C Tpat Audit
C Tpat means Customs Trade Partnership Against Terrorism. Security practices that help to mitigate the risk of loss, theft, and contraband smuggling that could potentially introduce acts of terrorism in the global supply chain. Please be prepared to respond to each question during the audit. Only c tpat audit checklist and IT security guideline is described here. You can visit more about c tpat audit security.
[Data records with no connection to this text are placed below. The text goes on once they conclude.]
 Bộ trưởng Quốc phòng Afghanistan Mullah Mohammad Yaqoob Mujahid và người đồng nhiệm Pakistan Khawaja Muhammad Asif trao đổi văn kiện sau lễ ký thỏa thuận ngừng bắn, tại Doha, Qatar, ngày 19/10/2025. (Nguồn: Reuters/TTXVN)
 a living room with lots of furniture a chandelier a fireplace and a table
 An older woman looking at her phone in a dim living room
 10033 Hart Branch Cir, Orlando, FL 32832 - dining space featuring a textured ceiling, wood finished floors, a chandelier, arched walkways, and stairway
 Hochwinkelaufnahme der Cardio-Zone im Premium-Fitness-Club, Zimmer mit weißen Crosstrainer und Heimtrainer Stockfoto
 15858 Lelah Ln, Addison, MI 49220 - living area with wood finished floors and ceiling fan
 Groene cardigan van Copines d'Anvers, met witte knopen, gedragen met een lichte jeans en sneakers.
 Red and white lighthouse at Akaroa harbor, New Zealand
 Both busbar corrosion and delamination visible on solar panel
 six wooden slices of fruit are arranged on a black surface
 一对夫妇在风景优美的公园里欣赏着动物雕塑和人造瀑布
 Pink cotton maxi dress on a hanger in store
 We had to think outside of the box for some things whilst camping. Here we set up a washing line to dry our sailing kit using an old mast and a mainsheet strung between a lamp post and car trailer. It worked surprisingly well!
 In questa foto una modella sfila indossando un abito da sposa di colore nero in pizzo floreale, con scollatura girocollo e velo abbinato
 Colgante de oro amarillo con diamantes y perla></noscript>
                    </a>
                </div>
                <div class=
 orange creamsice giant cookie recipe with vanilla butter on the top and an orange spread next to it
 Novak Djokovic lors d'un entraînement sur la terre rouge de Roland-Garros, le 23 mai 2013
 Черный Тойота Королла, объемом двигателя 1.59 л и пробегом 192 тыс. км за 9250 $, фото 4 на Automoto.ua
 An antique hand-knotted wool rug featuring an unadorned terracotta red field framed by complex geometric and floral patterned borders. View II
C Tpat Audit Guidelines for IT Part:
- Password need to logon to be set up to control employees to access to network and sensitive information system
- Conduct periodic and regular inner audits of the IT systems
- Employees are required to change passwords on a ordered basis
- System in place to identify the abuse of IT including improper access for tampering or altering of business data system
- All system violators are treated to appropriate disciplinary actions for abuse.
- All system violators should flow c tpat audit guideline and need to be reported to the management and to be noted. All records should be kept for at least 10 months
- All illegal actions must be reported to the management and police of the country
- Need to cancel user ID, EMail ID & Internet address when any worker/staff/Manager resign, Dropped out & Termination.
- Computer password change record.Should change within every 90 days.
- Individual user wise password. Pass word should assign individually.
- CD back up register. CD backup record.
- CD sending record file.
- Internal IT security audit report. IT internal security audit.
- IT training record register. IT training record.
- Weekly invalid pass word check record. Weekly invalid password check.
- Unauthorized file access check record.
- CC-TV camera and PC maintenance/repair record. CCTV camera and PC maintenance/repair record.
- Monthly IT development meeting records.
- Visitor in/out register IT room.
- Disciplinary action record against IT abuse.
- List of PC user.
- Authorized person list of PC user.
C Tpat Audit Checklist – More about Password
- The password definition parameters ensure that minimum password length is specified according to the company’s IT security policy of the company (at least 6 characters, combination of uppercase or lowercase & numbers).
- The maximum validity period of password is not beyond the number of days permitted in the company’s IT Security policy (maximum 30 days cycle).
- The parameters to control the maximum number of invalid logon attempts is specified properly in the system according to the if security policy (at least 3 consecutive limes
- Password history maintenance is enabled in the system to allow same passwords can be used again after at least 4 times.
- Password entries must be masked.
- The terminal inactive time allowable for users should be set in accordance with the company’s policy.
- Operating time schedule for the users is to be defined where necessary.
- Sensitive passwords have to be preserved itt a sealed envelope with movement records for usage in case of emergency.
- Audit trail should be available to review the user profile for maintenance purpose.
Information Security Standard
The objective of this part is to specify Information Security Policies and Standard to be adopted by all department of PROJECT STITCH using Information Technology for service delivery and data processing. It covers the basic and general information security controls applicable to all functional groups of a business to ensure that information assets are protected against risk.
Access Control for information systems
User ID Maintenance
- Each user must have a unique User ID and a valid password.
- The User ID will be locked up after 3 unsuccessful log-in attempts.
- There need to have a control to ensure that user ID and password are not same.
- The User ID Maintenance Form with access privileges is duly approved by the appropriate authority.
- Access privileges are changed or locked within 24 hours when userst status changed or left the office.
- Valid and allowed User ID and Password is mandatory to access any system in the company.
- There should keep detail profile for every correspondent User ID.
- For every logon attempts should be kept in the history for future reference.
Access Controls for Outside Service Providers
There are rules for access of outside service provider. Very limited outsiders and only few listed service providers may have that permission. Authorized persons should review the access record on periodic basis to ensure only authorized service provider personnel has access to the appropriate data. The review periods should be as below:
- Monthly review,
- Half yearly review,
- Yearly Review,
- At the end of contract or before renewal of any contract with the service provider.
Review should be done by:
- IT Administrator and authorized IT personals
- Correspondent department head and users.
- The Network Design and its security are implemented under a documented plan.
- Physical security for the network equipment should be ensured. Specifically access should be restricted and controlled and these should be housed in a secure environment.
- The sensitive information should be kept in restricted area in the networking environment.
- Unauthorized access and Electronic tampering is to be controlled strictly.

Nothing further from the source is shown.